A pulse oximeter based on Time-of-Flight histograms

TL;DR

This paper introduces a novel ToF histogram-based pulse oximeter that offers improved accuracy and stability over traditional methods, suitable for integration into compact consumer devices like smartphones and wearables.

Contribution

The paper presents a new ToF histogram approach for pulse oximetry using a FPGA-based system with a CMOS SPAD detector, enhancing measurement stability and accuracy.

Findings

Preliminary ToF pulse measurement results demonstrate feasibility.

The system shows increased linearity and stability compared to traditional sensors.

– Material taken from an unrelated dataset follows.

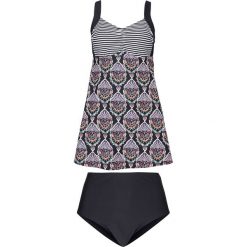 Długie tankini (2 części) bonprix czarno-biały w paski. Czarne stroje kąpielowe damskie bonprix, w paski. Za 134,99 zł.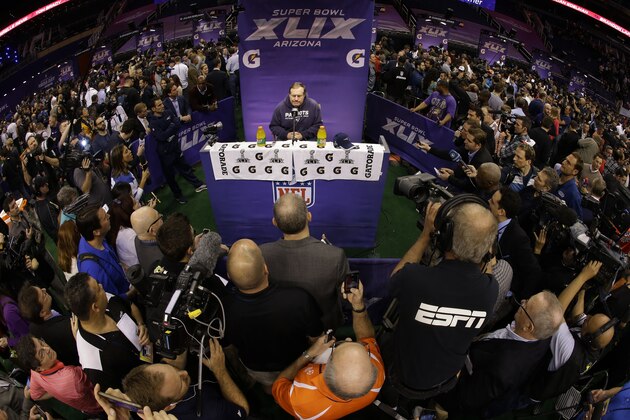 New England Patriots head coach Bill Belichick answers questions during media day for NFL Super Bowl XLIX football game Tuesday, Jan. 27, 2015, in Phoenix. (AP Photo/Charlie Riedel)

Potential for integration into portable consumer devices is discussed.

Abstract

A pulse oximeter is an optical device that monitors tissue oxygenation levels. Traditionally, these devices estimate the oxygenation level by measuring the intensity of the transmitted light through the tissue and are embedded into everyday devices such as smartphones and smartwatches. However, these sensors require prior information and are susceptible to unwanted changes in the intensity, including ambient light, skin tone, and motion artefacts. Previous experiments have shown the potential of Time-of-Flight (ToF) techniques in measurements of tissue hemodynamics. Our proposed technology uses histograms of photon flight paths within the tissue to obtain tissue oxygenation, regardless of the changes in the intensity of the source. Our device is based on a 45ps time-to-digital converter (TDC) which is implemented in a Xilinx Zynq UltraScale+ field programmable gate array (FPGA), a CMOS Single Photon Avalanche Diode (SPAD) detector, and a low-cost compact laser source. All these components including the SPAD detector are manufactured using the latest commercially available technology, which leads to increased linearity, accuracy, and stability for ToF measurements. This proof-of-concept system is approximately 10cmx8cmx5cm in size, with a high potential for shrinkage through further system development and component integration. We demonstrate preliminary results of ToF pulse measurements and report the engineering details, trade-offs, and challenges of this design. We discuss the potential for mass adoption of ToF based pulse oximeters in everyday devices such as smartphones and wearables.